Facey was coming into the bout as the reigning English Champion and at age 36, had experienced his biggest fights over the last year and a half.
While the lean six footer had earlier in his career derailed the developments of such promising prospects Matthew Macklin, Gilbert Eastman and Matthew Tait but that phase of Facey’s CV was brutally put down by Jamie Moore in a failed British title bid in 2003.
Facey bounced back to win his next five but failed to defeat Bradley Pryce for the Commonwealth, however, was able to turn prospect killer again and put the first loss on Gary Woolcombe’s resume in January of 2007 to regain the English title first won against Macklin.

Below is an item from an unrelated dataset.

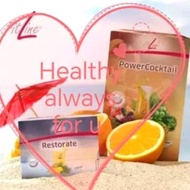 fitline optimal set powercocktail ready stock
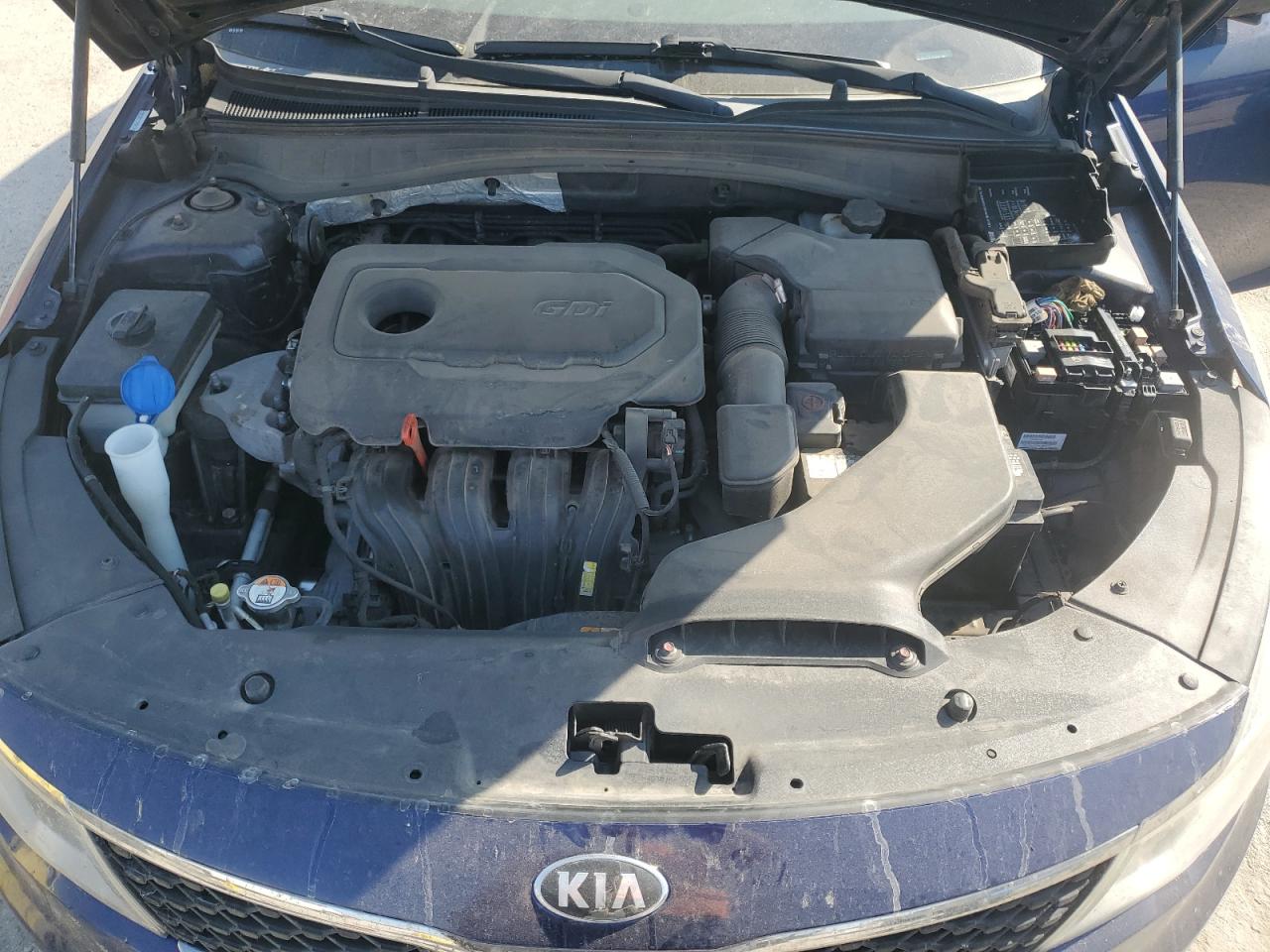 2016 Kia Optima Lx VIN: 5XXGT4L35GG037668 Lot: 75523604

Most recently, a return bout with Moore for the British belt went far better for Facey than the first before the Sheffield man was stopped in the eleventh round.
Although nine years younger than Facey at 27, Thomas McDonagh had also turned professional in 1999 and went 29 bouts before a loss to Wayne Alexander in 2006 by split decision for the WBU title.

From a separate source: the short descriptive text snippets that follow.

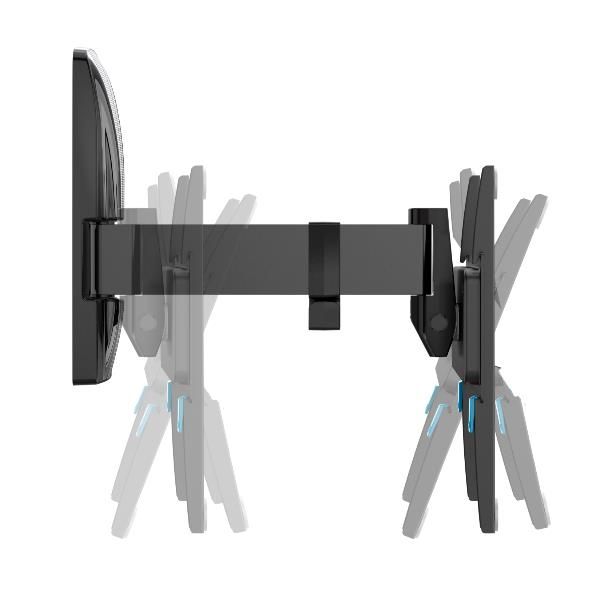 SUPPORTI TV/MONITOR Meliconi STAFFA MURO SLIMSTYLE PLUS 200SR CG 480966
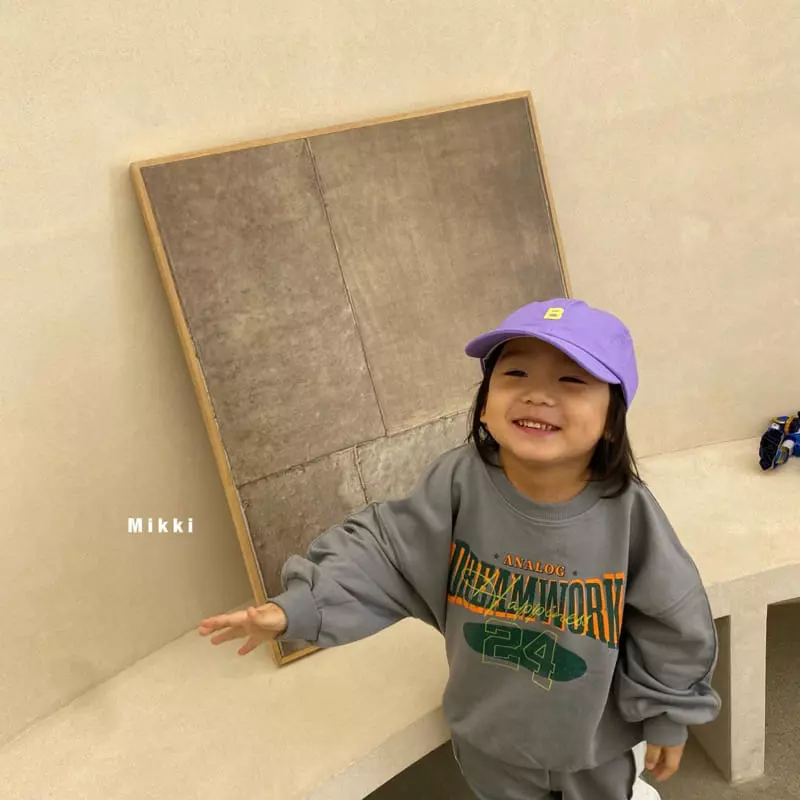 Mikki - Korean Children Fashion - #prettylittlegirls - Analog Crack Sweatshirt - 8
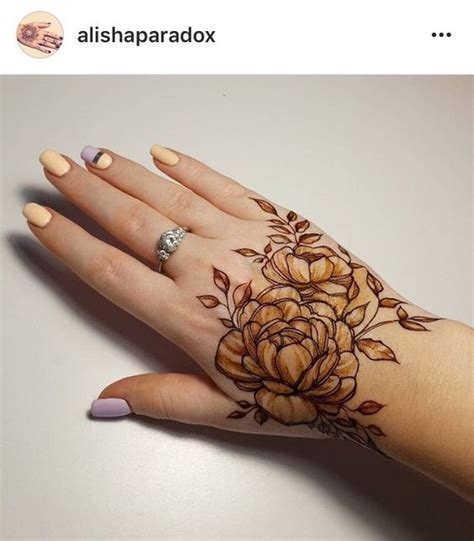 50 Most Attractive Rose Mehndi Designs To Try Wedandbeyond Modern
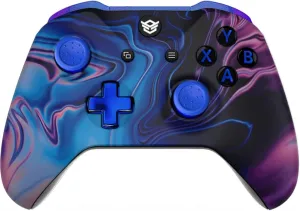 HEXGAMING BLADE Wireless Controller for Xbox Series X & S, for Xbox One, and for Windows 7/8/10-2 Remappable Back Buttons - Triggers Stop - Interchangeable Thumbsticks - Chaos Labeled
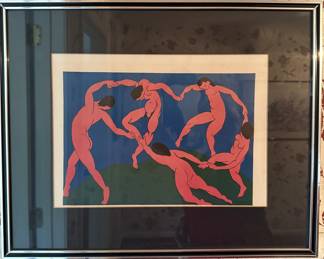 Matisse Lithograph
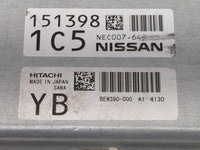 2014-2015 Infiniti Q60 PCM Engine Control Computer ECU ECM PCU OEM P/N:NEC007-642 BEM390-000 Fits OEM Used Auto Parts - Oemu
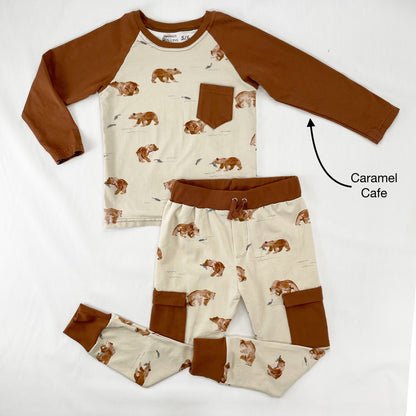 Bears - Cotton Jersey Knit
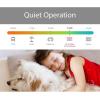 imageLG 10000 BTU Smart WiFi Enabled UltraQuite Quick and Easy Installation Window Air Conditioner with Remote ThinQ Technology Washable Filter EcoFriendly R32 Refrigerant WhiteWhite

During his initial undefeated run, McDonagh, also six feet tall, posted wins over Bradley Pryce, Eugenio Monteiro and Marcus Portman. After the Alexander loss, McDonagh had won his last four to come into the Facey clash with an excellent career mark.
It’s amazing that these two hadn’t met in the ring before but that all was in the past with the clanging of the first bell.

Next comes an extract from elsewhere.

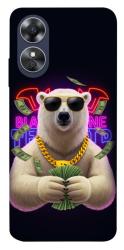 Чехол itsPrint Money bear для Oppo A17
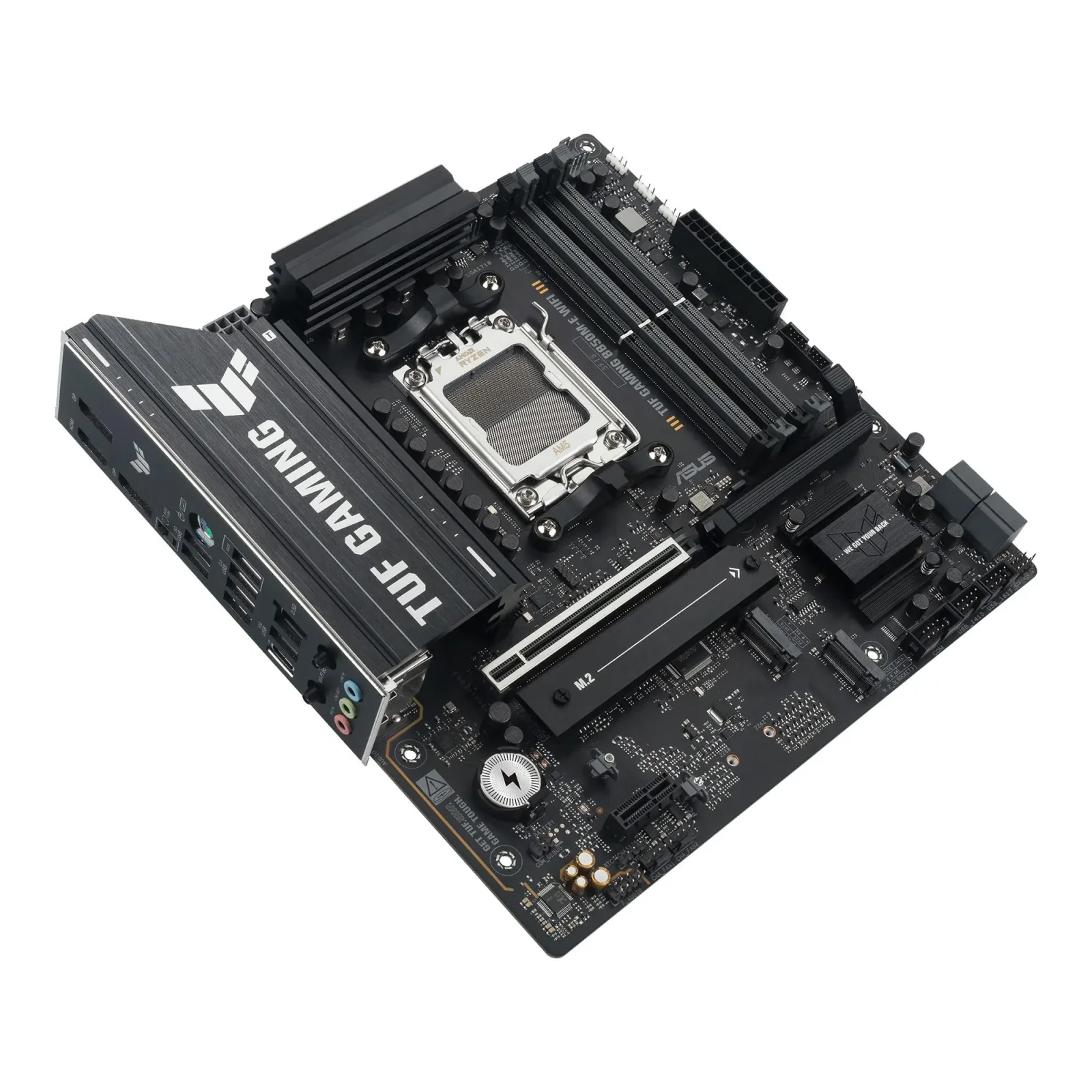 Материнська плата Asus TUF Gaming B850M-E WiFi Socket AM5 UA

Both fighters stood off from each other at first, as likely neither was used to seeing an opponent as tall as themselves, but McDonagh broke the ice by closing the distance and leaping in with a lunging shot that cracked Facey clean.
The English Champion took the shot well but was unable to get out of the way from a series of similar efforts from McDonagh early on in the bout as the defensive technique of pulling his head straight back from the punch wasn’t working against his long-armed rival.
But Facey began to come forward with the jab and right hands of his own and while not many efforts landed, it did have the result of preventing McDonagh from staging as many of the lunging right hands.
The action the commenced to be waged on closer terms with both men landing shorter shots amid and increasing degree of clenching. Sporadically, either man would be propelled back from the huddle from taking a hard shot.
The latter rounds saw Facey step it up against the winded McDonagh but soon both fighters were very tired and hanging on to each other all the time and very little going on in the way of offense. Neither fighter possesses a great deal of punching power and no one was ever seriously threatened by any punches landed during the bout.
The twelfth and final frame saw McDonagh stage a rally but he didn’t have the wind left to sustain anything against the always awkward Facey and the bell finally rang to end the bout.
The contest was declared a draw with Facey keeping his title and the Sheffield man showed good sportsmanship as he tried to comfort an obviously distraught McDonagh after the result was announced.
Facey moves to 19-5-2 (6) and may yet be in line for a third crack at the British crown while McDonagh goes to 31-1-3 (6).